Призывает ли Церковь каждого верующего, который присутствует на литургии, к причащению?
По древнему уставу, Литургия подразумевает, что только те, которые имеют право причащаться, будут присутствовать на литургии верных. В древности это различение было очень яркое и ясное. Те, которые не были крещены, те, которые находились в разряде кающихся, то есть согрешили и не имели права причащаться, в какой-то момент, когда говорится дьяконом: Оглашенные, изыдите — покидали храм. Оставались в храме только те, которые могли причаститься. Потому что совершение таинства причащения — это дело всей Церкви, а не только священника.
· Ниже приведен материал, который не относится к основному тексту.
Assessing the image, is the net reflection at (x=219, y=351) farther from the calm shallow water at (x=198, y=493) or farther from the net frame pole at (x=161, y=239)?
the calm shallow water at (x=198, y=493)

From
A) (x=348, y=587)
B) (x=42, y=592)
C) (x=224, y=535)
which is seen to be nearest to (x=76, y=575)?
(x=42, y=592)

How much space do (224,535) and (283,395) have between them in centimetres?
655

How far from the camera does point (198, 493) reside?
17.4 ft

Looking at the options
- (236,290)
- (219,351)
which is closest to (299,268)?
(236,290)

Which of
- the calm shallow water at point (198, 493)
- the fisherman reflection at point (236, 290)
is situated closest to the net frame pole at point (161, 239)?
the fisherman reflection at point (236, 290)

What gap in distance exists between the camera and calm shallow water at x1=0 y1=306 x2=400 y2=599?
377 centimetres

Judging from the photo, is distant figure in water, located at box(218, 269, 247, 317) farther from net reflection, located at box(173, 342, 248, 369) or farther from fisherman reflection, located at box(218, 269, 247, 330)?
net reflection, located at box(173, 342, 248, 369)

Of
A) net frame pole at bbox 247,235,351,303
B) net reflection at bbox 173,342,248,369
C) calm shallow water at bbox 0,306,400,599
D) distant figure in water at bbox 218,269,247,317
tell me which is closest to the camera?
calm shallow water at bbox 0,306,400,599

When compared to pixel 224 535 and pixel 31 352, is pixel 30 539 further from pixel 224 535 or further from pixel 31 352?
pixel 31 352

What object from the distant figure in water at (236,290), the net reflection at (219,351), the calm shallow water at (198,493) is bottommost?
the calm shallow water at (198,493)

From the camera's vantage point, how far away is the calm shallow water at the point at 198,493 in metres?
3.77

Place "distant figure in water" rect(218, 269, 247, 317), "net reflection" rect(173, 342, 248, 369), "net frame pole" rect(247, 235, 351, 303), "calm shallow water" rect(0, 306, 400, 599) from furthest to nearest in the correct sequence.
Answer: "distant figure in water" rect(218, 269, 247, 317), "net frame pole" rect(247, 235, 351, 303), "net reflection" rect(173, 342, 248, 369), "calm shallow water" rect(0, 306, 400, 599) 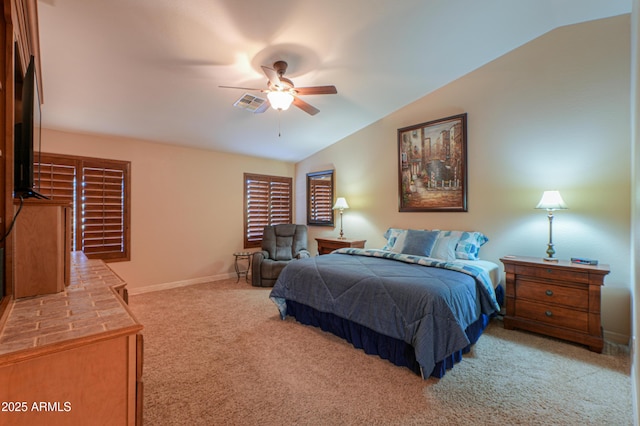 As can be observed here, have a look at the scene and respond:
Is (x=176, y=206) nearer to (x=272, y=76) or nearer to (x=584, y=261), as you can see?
(x=272, y=76)

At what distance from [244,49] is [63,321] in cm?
252

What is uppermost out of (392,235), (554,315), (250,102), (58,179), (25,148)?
(250,102)

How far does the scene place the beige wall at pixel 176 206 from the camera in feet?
13.7

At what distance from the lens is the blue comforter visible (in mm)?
2090

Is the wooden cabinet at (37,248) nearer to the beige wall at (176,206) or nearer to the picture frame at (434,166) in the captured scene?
the beige wall at (176,206)

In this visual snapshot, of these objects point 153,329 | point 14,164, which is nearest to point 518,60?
point 14,164

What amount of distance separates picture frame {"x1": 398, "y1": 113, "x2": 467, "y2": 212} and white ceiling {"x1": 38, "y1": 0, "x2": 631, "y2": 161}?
0.58m

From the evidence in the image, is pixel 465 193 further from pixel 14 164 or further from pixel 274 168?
pixel 14 164

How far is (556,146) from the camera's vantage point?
3.05 meters

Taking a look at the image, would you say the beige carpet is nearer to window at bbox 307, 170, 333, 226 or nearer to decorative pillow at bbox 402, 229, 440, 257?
decorative pillow at bbox 402, 229, 440, 257

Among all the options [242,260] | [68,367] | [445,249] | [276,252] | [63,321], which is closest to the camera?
[68,367]

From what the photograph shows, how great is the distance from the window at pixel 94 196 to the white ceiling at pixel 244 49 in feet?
1.63

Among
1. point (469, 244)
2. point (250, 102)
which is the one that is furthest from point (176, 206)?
point (469, 244)

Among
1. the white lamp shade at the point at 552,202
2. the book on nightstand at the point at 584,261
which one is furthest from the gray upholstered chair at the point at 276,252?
the book on nightstand at the point at 584,261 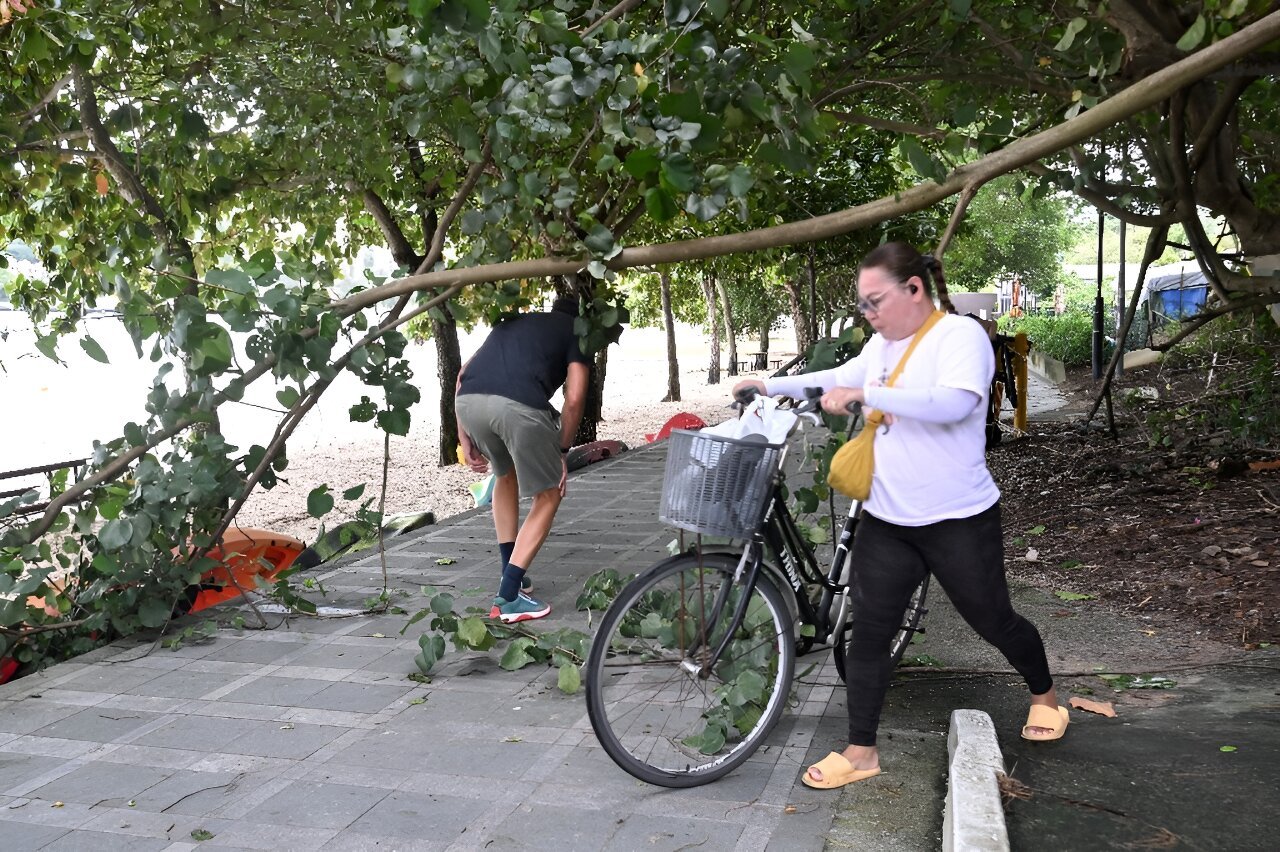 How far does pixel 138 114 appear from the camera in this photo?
29.5 ft

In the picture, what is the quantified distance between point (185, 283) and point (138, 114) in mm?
4743

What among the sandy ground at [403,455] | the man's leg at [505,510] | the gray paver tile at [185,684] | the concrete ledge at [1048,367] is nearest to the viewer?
the gray paver tile at [185,684]

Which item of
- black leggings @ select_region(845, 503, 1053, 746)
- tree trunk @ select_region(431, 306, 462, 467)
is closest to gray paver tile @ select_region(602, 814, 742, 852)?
black leggings @ select_region(845, 503, 1053, 746)

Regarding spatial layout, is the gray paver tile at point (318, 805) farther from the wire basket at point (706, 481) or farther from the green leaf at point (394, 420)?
the green leaf at point (394, 420)

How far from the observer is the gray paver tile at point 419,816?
3.66 m

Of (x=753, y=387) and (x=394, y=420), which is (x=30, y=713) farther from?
(x=753, y=387)

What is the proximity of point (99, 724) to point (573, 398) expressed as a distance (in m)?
2.69

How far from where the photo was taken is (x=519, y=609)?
6199 mm

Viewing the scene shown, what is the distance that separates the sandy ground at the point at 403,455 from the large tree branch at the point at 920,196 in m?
1.67

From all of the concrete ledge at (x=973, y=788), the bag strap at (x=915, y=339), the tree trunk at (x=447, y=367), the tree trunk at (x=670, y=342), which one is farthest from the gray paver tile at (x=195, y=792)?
the tree trunk at (x=670, y=342)

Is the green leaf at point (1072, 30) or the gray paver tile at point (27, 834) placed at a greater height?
the green leaf at point (1072, 30)

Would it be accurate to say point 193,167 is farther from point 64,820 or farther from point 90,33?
point 64,820

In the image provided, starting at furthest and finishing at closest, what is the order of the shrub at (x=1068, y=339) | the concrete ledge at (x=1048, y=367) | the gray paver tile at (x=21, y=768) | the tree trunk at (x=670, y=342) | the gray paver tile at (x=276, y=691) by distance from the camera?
1. the shrub at (x=1068, y=339)
2. the tree trunk at (x=670, y=342)
3. the concrete ledge at (x=1048, y=367)
4. the gray paver tile at (x=276, y=691)
5. the gray paver tile at (x=21, y=768)

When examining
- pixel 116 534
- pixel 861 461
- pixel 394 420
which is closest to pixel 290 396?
pixel 394 420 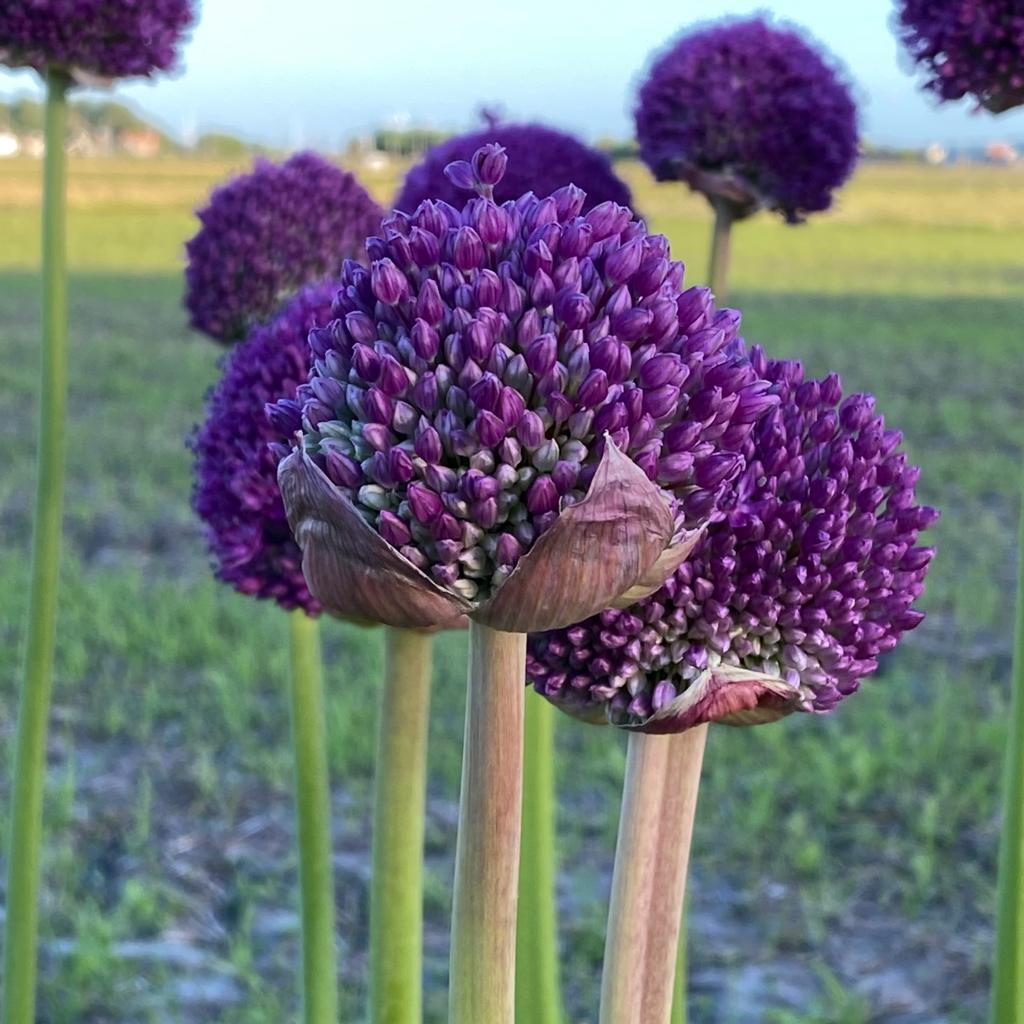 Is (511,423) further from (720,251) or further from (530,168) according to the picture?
(720,251)

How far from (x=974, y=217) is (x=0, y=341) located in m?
13.9

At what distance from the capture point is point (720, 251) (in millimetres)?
1191

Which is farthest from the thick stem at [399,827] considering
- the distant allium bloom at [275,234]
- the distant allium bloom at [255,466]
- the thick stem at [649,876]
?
the distant allium bloom at [275,234]

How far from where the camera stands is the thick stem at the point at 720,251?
3.81 ft

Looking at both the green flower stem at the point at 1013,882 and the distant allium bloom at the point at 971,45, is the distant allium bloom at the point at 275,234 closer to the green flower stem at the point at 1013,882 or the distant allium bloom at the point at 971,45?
→ the distant allium bloom at the point at 971,45

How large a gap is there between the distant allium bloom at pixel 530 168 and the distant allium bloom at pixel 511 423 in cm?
56

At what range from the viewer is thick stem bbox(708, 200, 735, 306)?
1.16 m

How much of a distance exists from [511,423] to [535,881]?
642 mm

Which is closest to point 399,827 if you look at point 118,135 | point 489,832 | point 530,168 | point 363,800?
point 489,832

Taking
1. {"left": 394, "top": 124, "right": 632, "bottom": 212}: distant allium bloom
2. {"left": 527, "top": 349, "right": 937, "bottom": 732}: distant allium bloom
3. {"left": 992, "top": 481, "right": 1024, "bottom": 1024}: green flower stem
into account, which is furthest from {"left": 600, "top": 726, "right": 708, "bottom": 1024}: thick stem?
{"left": 394, "top": 124, "right": 632, "bottom": 212}: distant allium bloom

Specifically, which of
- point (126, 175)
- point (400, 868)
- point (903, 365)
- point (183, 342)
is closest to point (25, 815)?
point (400, 868)

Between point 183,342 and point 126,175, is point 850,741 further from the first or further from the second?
point 126,175

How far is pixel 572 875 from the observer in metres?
2.62

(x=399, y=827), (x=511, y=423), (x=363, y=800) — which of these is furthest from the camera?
(x=363, y=800) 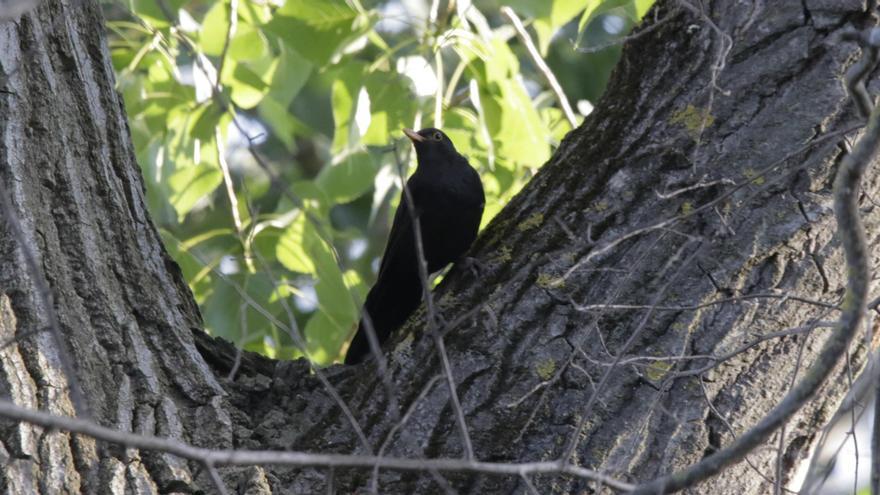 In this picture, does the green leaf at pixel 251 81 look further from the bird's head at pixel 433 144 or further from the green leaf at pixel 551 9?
the green leaf at pixel 551 9

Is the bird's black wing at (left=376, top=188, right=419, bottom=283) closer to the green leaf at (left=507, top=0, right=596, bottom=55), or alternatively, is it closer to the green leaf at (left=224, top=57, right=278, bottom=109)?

Если ты не можешь принять участия в совершении таинства, ты не имеешь никакой возможности и принять участие в причащении Святых Таин. Помню, Сергей Сергеевич Верховской никогда не оставался на литургию верных, если считал, что внутренне не в состоянии приобщиться, что в чем-то чувствует себя изменником Евангелию и Христу. И уходил.
Путь возвращения на литургию верных и к причащению все же у него был и у каждого есть, то есть — покаяние, исповедь, прощение грехов. Считаешь ли ты, что обязательно надо связывать исповедь и отпущение грехов с причащением?
Я думаю, что ты очень хорошо отметил “покаяние” и “отпущение грехов”, как два разные момента, потому что исповедание грехов может быть холодное, может быть не глубинное, а покаяние — нечто, абсолютно глубинное. Есть место у святого Варсонофия Великого, где он говорит, что слезы истинного покаяния так очищают, что после этого не надо идти на исповедь, потому что к тому, что Бог простил, священник прибавить ничего не может.
Покаяние, то есть внутренний переворот, который тебя обращает вновь лицом к Богу и, который в этом состоянии тебе дает себя самого видеть, как Бог тебя видит, в меру того, сколько ты можешь это воспринять и понести. Потому что Бог нам не дает себя видеть так, чтобы это разрушило в нас и надежду, и вдохновение. Но поскольку это возможно, обращение лицом к Богу и отказ от своего греховного состояния, исповедь имеет свое место, потому что опыт показывает, что иногда покаешься очень глубоко в самом себе перед Богом, а если подумать немножко, все-таки остается где-нибудь в тебе чувство: только бы люди не узнали об этом. Богу я все это могу сказать, сам я могу это осознать, но только бы люди не узнали… И вот исповедь в присутствии священника в какой-то мере разбивает это средостение. Я говорю “в какой-то мере”, потому что в древности той исповеди, которая у нас бывает, личной от одного человека в присутствии одного священника, не было. Люди согрешившие приходили, становились перед общиной и исповедовали свой грех перед всеми. И если община чувствовала, что она в силах этого человека подъять, поддержать, принять в глубины своего сердца, быть для него исцеляющей общиной, тогда он мог получить прощение. Но это было в начале, когда Церковь была гонима и когда каждый христианин был так связан со Христом и так связан со всеми другими, кто исповедовал Спасителя, что он мог это сделать в их присутствии. Но если подумать о том, что было бы сейчас, если бы кто-нибудь из нас вышел перед литургией и сказал публично: “Дорогие братья и сестры, я карманный вор”… или: “я убийца”, или: “я бесчинник” — как бы отреагировали люди? Они шарахнулись бы. Только маленькие группы, члены которых связаны друг с другом лично, которые, по слову апостола Павла, готовы друг друга тяготы носить или другом месте: вы, сильные, носите тяготы слабых, — только в такой группе можно было бы открываться.
Кажется, я когда-то рассказывал о случае на одном из самых ранних съездов РСХД, когда офицер пришел на исповедь и сказал священнику, что может исповедать все свои грехи, но только умом, — он сознает зло головой, но сердце остается каменным. И священник сказал: “В таком случае, не исповедуйся мне. Когда соберутся люди на литургию, ты выйдешь вперед и принесешь исповедь перед всеми”. Тот нашел в себе мужество это сделать. И он ожидал, что когда начнет говорить, люди (это была в основном молодежь) шарахнутся от него, закроются, это будет еще страшнее, но может быть, когда он увидит ужас, отвращение на их лицах, это потрясет его душу. А потрясло его душу нечто совершенно иное. Когда он сказал, что будет исповедать всю свою жизнь, и начал исповедь, вдруг он почувствовал, что вся молодежь открыла ему, как он тогда сказал, свои объятия и свое сердце, и в ответ на эту сострадательную любовь он расплакался и свою исповедь произносил уже не головы, а от сердца. И вот тут очень важный момент устной исповеди перед священником, если исповедь не сводить на формальную вычитку каких-то грехов, которые можно по книге или по Евангелию или иначе прочесть.